The law first provides for the possibility of imposing on the internet giants a fine of up to 10% of their annual income globally if they fail to comply with the obligations established by law to combat their dominance.
Brussels also presented the digital services law on Tuesday, which establishes fines for these companies of up to 6% of their global annual income if they do not remove illegal content from their web pages, even if it comes from third parties.
The EC understands that large platforms are those with more than 45 million active users per month or those that achieve an annual turnover in the European Economic Area (EEA) equal to or greater than 6,500 million euros in the last three years.
With these two regulations -which will still have to receive the approval of the European Parliament and the Council of the EU-, the Community Executive wants to update the 2000 electronic commerce law and equip itself with new tools to combat the power of big technology.
As the Commissioner for the Internal Market, Thierry Breton, explained to journalists, the rules that have been in force in the last 20 or 30 years to prevent abuse ” are not adequate ” in a digital environment that evolves very quickly.
The digital markets law will oblige the internet giants to previously notify the Community Executive of the purchase of another company so that the EC can see “if the acquisition is to do something prohibited,” the French politician explained.
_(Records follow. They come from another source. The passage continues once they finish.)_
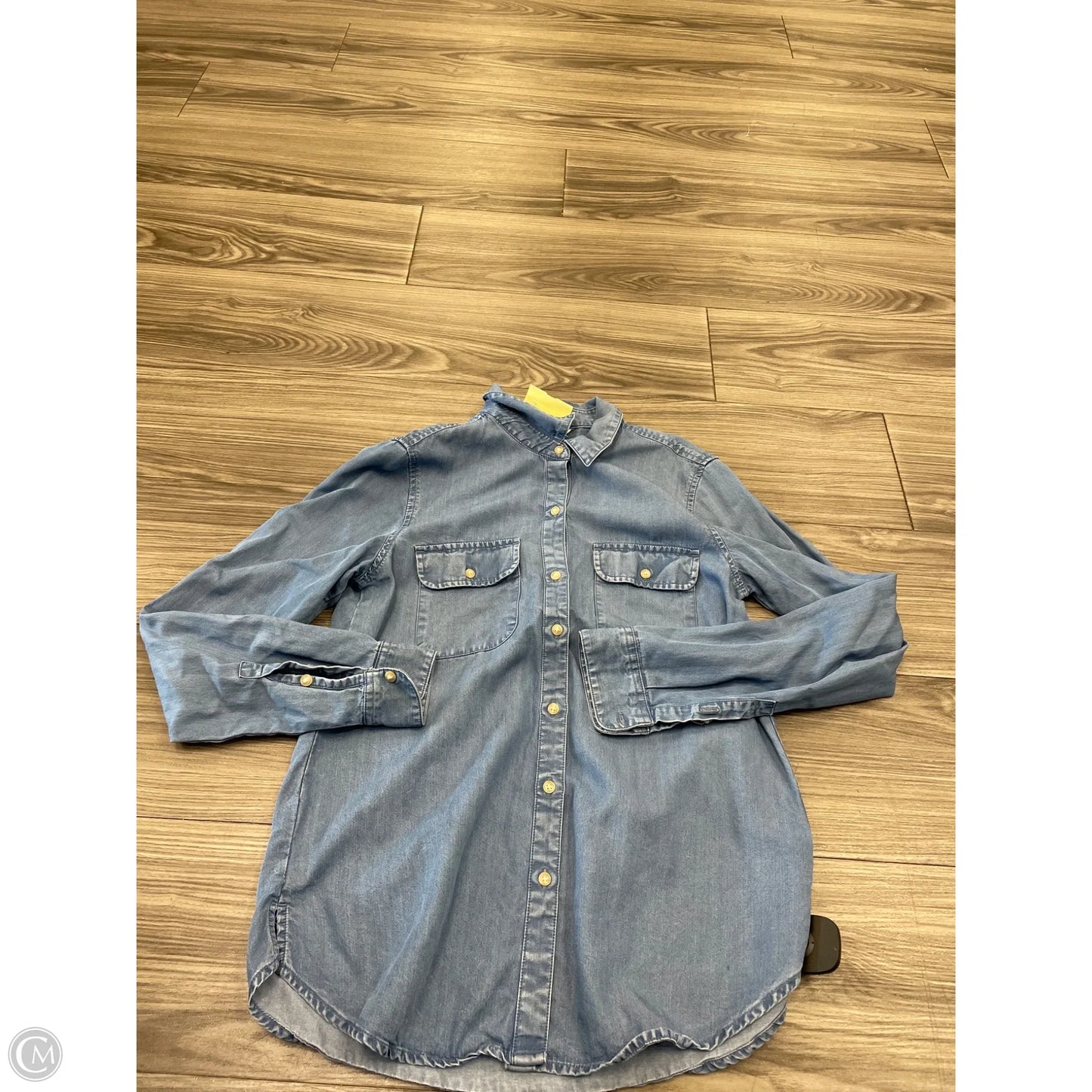 Top Long Sleeve By Lucky Brand In Blue Denim, Size: Xs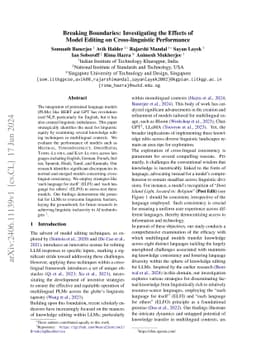 Breaking Boundaries: Investigating the Effects of Model Editing on Cross-linguistic Performance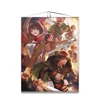Alibaba Hot Sale Anime Accessories Custom Wall Scrolls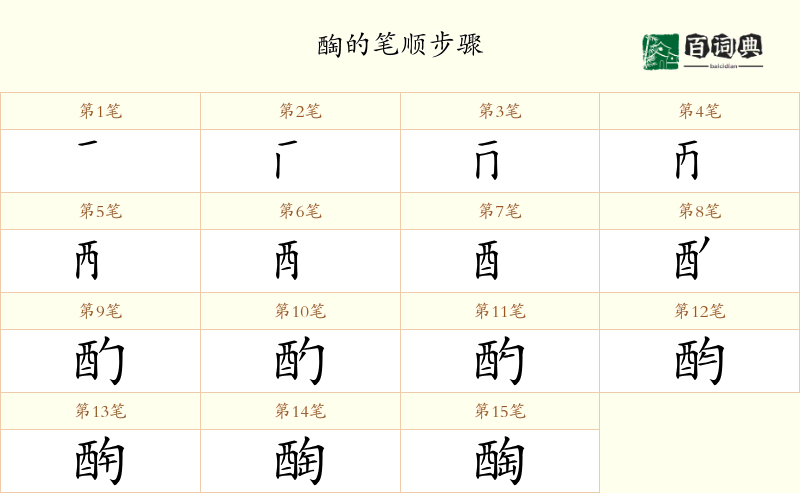 醄
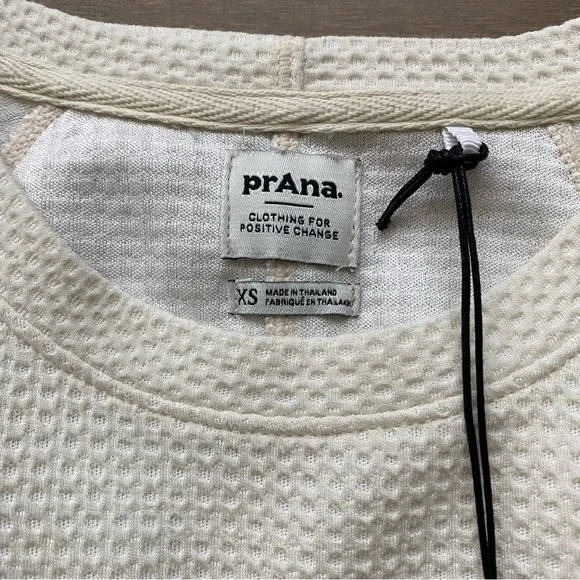 Prana Wensley Long Sleeve Wool Blend Thermal Top XS - Picture 3 of 12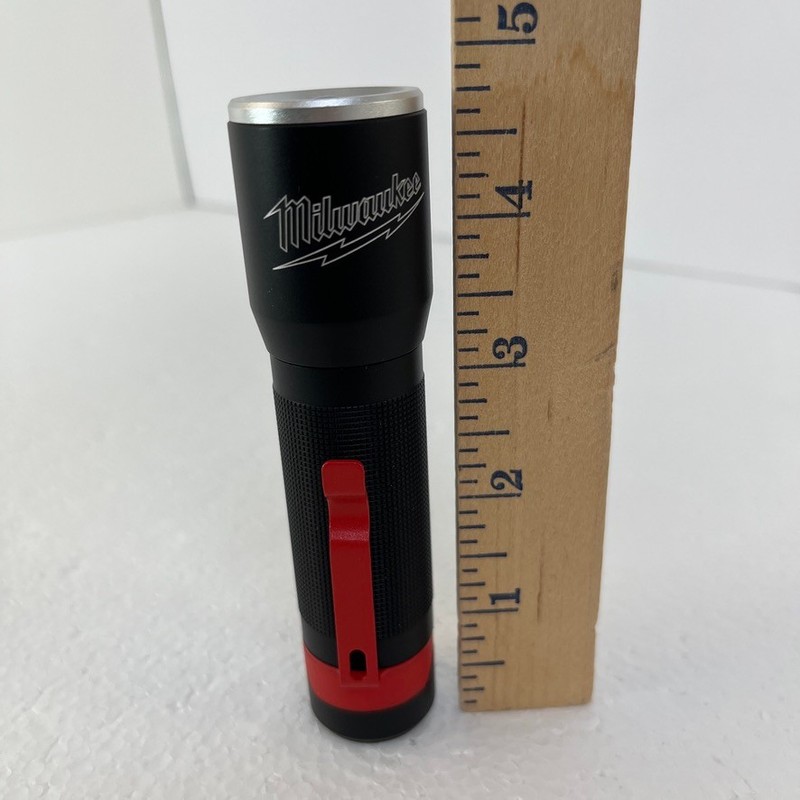 Milwaukee LED Flashlight AAA Battery Pocket Clip New Without Box gallery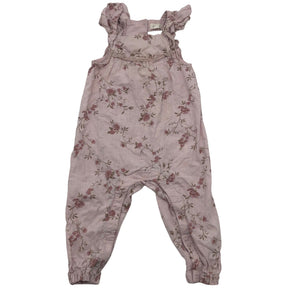 Unisex Newbie - Overalls, size 74 - 80 - Light pink (1)
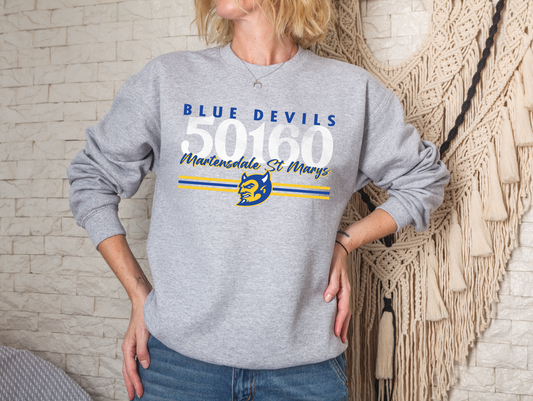 MSTM Blue Devils Zip Code Sweatshirt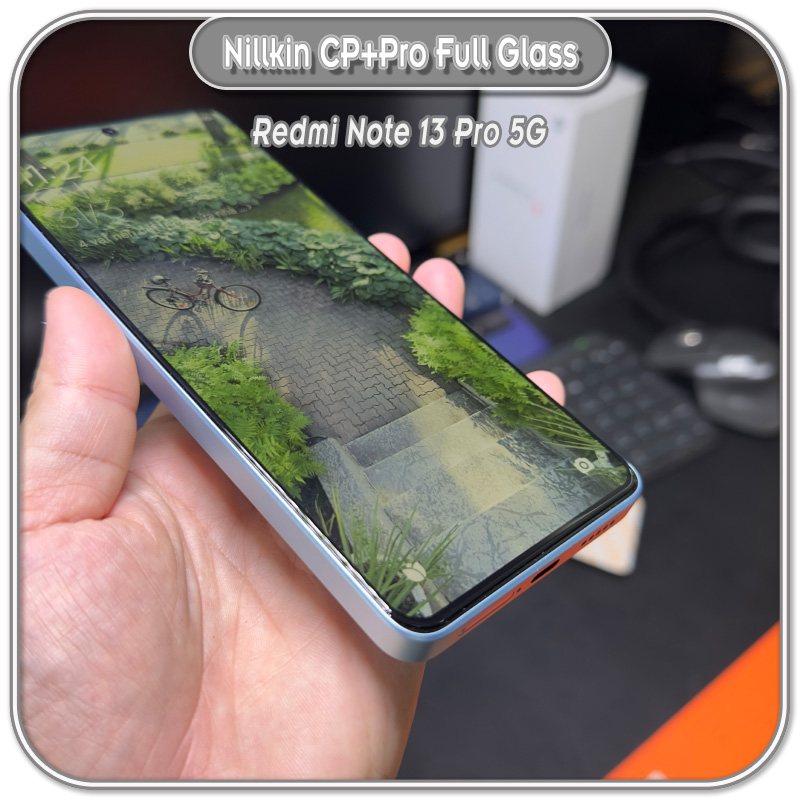 Cường lực Redmi Note 13 Pro 5G, Nillkin CP+ Pro full viền đen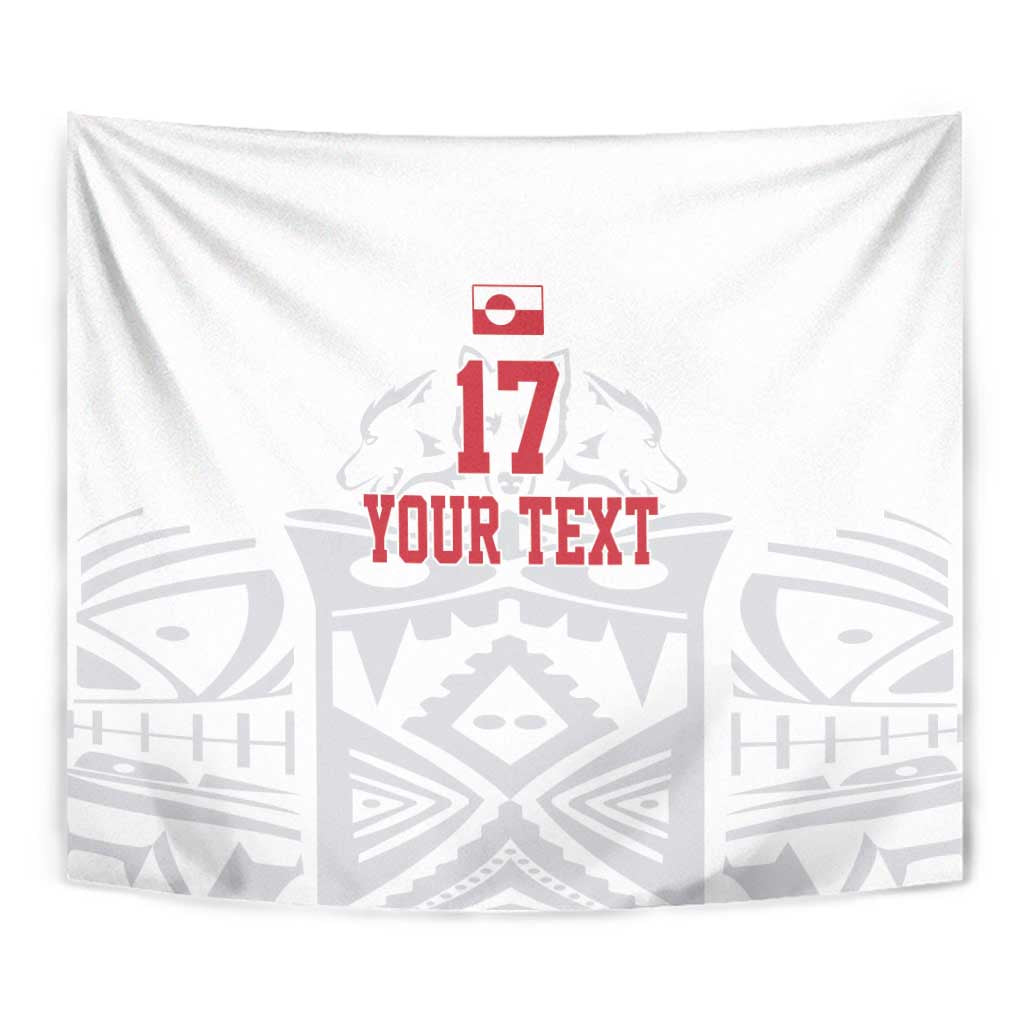 Custom Greenland Football Tapestry Polar-Bamserne 2022 Version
In particular, Brussels seeks to diminish the power of technology companies by preventing them from using the data of their commercial customers to improve their competition or by preventing them from forcing users to install specific applications or services.
The second of the laws, that of digital services will force technology companies to quickly remove illegal content from their web pages -even if it comes from third parties-, unless they are unaware that it is prohibited material. By illegal content, Brussels means for example the sale of fraudulent products or hate speech. It will also force them to have more transparency in the operation of the algorithms that recommend content to users.
Brussels will give internet giants freedom to operate in the EU country of their choice, but the rules will apply equally across the EU. In addition, technology companies -mainly from the United States- will be required to have a legal representative in Europe with whom the authorities can contact.